Tytuł: Harry Potter - Hogsmeade, Twoja Magiczna Wioska :: Insygnia - właściciele.

Dodane przez Talasiek dnia 23-07-2014 01:16
#1

Witajcie.
Mam dwa pytania, problemy nurtujące mnie od kilku dni (zaczęło się podczas oglądania ostatniej części filmu O Potterze) odnośnie Insygnii. Jak wiemy Peleryna Niewidka była przekazywana w rodzinie Harrego z pokolenia na pokolenie. W książce 'Harry Potter i Książę Półkrwi' dowiadujemy się, że pierścień, który to nosił na palcu ojciec Voldemorta, również był w ich rodzinie od pokoleń.
Zapewne nie muszę tego przypominać, jednak dla nie poinformowanych - w pierścieniu, jako kamień został osadzony Kamień Wskrzeszenia, jeden z Insygniów.
Czy to oznacza, że Voldemort i Harry pochodzą od tego samego rodu - od Peverell'ów? Mają wspólnych przodków, są daleką rodziną?
Czy po prostu w przeszłości któryś z potomków Riddle'a odnalazł kamień, nie wiedząc (lub wiedząc) nakazał uczynić z niego pierścień jako symbol swojego rodu?

Warto wspomnieć, że sama bajka 'Opowieść O Trzech Braciach' mówi : 'Drugi brat postanowił jeszcze bardziej upokorzyć Śmierć...' Można to rozumieć jako że poniżanie innych leży w rodzie Voldemorta od bardzo dawna.

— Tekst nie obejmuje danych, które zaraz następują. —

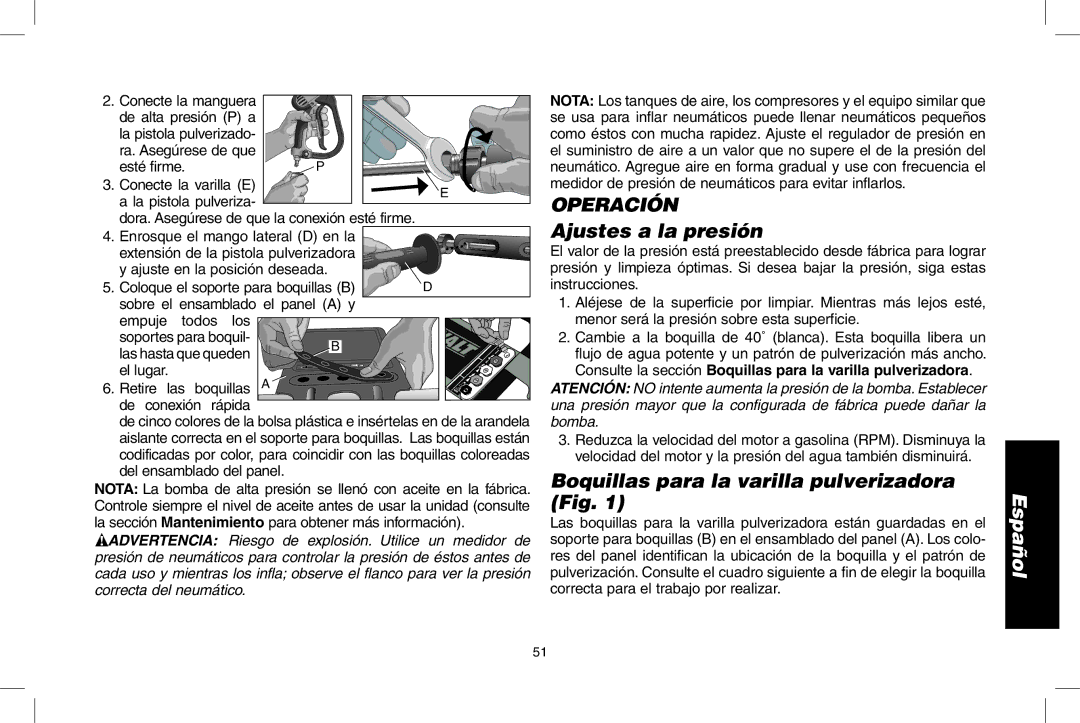 DeWalt DPD3000IC Operación, Ajustes a la presión, Boquillas para la varilla pulverizadora Fig, De alta presión P a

Kolejna rzecz - Czarna Różdżka. Jej poprzedni właściciel musiał zostać zabity, aby stuprocentowo słuchała nowego. Jakim więc cudem różdżka słuchała Grindenwalda, kiedy ten kradnąc różdżkę Gregorowiczowi nie zabił go. Można przyjąć, iż różdżka słuchała go, ponieważ sam Dumbledore stwierdził, że podczas pojedynku z nim był od niego tylko o 'trochę' lepszy. Niedopatrzenie pani Rowling? A może Grindenwald był na tyle utalentowany, że nawet bez stuprocentowej własności nad Czarną Różdżka był dla Dumbledore'a problemem w pojedynku? Oznacza to, że gdyby różdżka całkowicie go słuchała pokonałby Dumbledore'a bez problemu.

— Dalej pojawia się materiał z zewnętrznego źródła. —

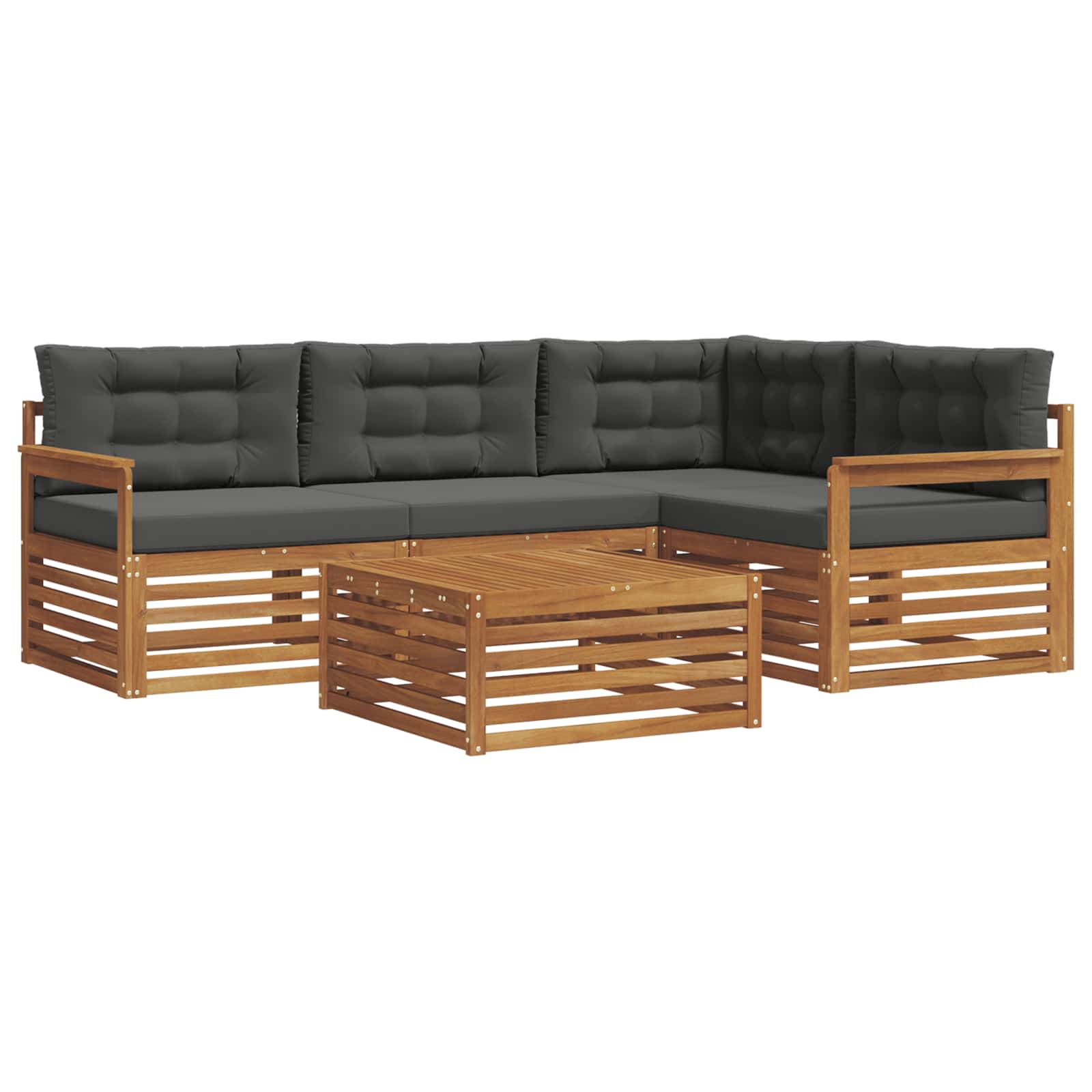 Outdoor-Sofagarnitur mit Kissen 5 pcs Natur und Anthrazit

Jakieś pomysły? Może odpowiedzi leżą przed nosem a ja po prostu ich nie widzę ;)

Czekam na odpowiedzi :)

Dodane przez Flagrante dnia 23-07-2014 10:47
#2

Jej nigdy się nad tym nie zastanawiałam, ale prawdopodobnie sam sobie odpowiedziałeś na pytanie dotyczące Harry'ego i Voldemorta.
Albo byli spokrewnieni (mało prawdopodobne według mnie) albo w przeszłości któryś z potomków Riddle'a odnalazł kamień...
Ale o prawdę chyba trzeba by było zapytać p.Rowling :)
A co do Czarnej Różdżki myślę że to chyba niedopatrzenie pani Rowling...chociaż pewności nie mam (książki czytałam dawno, a filmy też już jakiś czas temu).
Ale pytania ciekawe i warte zastanowienia... ;)

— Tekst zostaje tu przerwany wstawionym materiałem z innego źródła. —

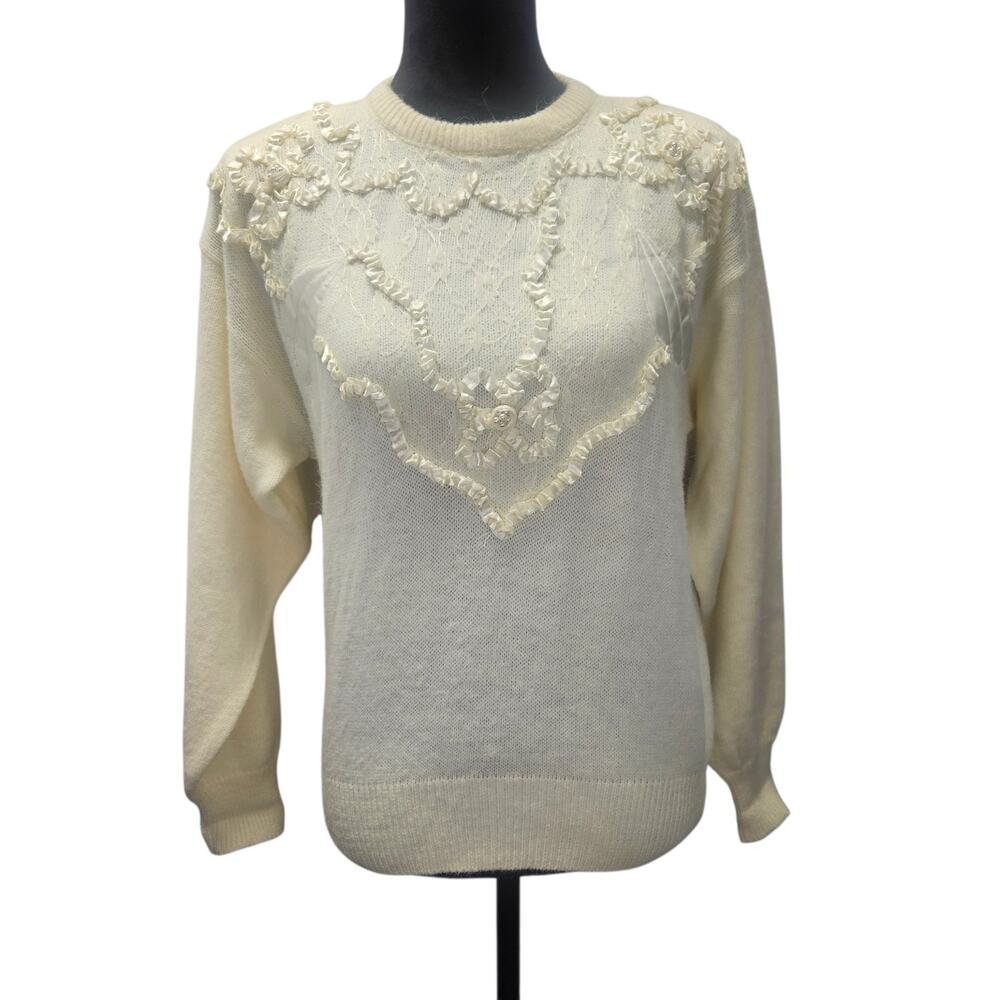Vintage Embellished Knit Sweater Beaded Detail Off White Medium Granny 80's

Dodane przez Anka Potter Always Together dnia 23-07-2014 12:57
#3

Gdzieś czytałam, że Harry i Voldemort byli baaaardzo dalekimi krewnymi, ale nie jestem pewna, gdzie.
Być może z tą Różdżką to niedopatrzenie J.K. Rowling, ale równie dobrze Grindenwald mógł być tak utalentowany, że nie potrzebna mu była pełna władza nad Czarną Różdżką.

Dodane przez Flagrante dnia 23-07-2014 13:29
#4

Anka Potter Always Together napisał/a:
Gdzieś czytałam, że Harry i Voldemort byli baaaardzo dalekimi krewnymi, ale nie jestem pewna, gdzie.
Być może z tą Różdżką to niedopatrzenie J.K. Rowling, ale równie dobrze Grindenwald mógł być tak utalentowany, że nie potrzebna mu była pełna władza nad Czarną Różdżką.


Kurczę mi się teraz wydaje że chyba kiedyś też coś o tym czytałam (pokrewieństwo Harry'ego i Voldemorta)

Dodane przez Anna Potter dnia 15-02-2016 20:16
#5

Garrick Ollivander, wybitny znawca różdżkarstwa, twierdził, że nie trzeba zabić, wystarczy rozbroić właściciela różdżki, zarówno tej Czarnej jak i każdej innej żeby różdżka słuchała nowego właściciela.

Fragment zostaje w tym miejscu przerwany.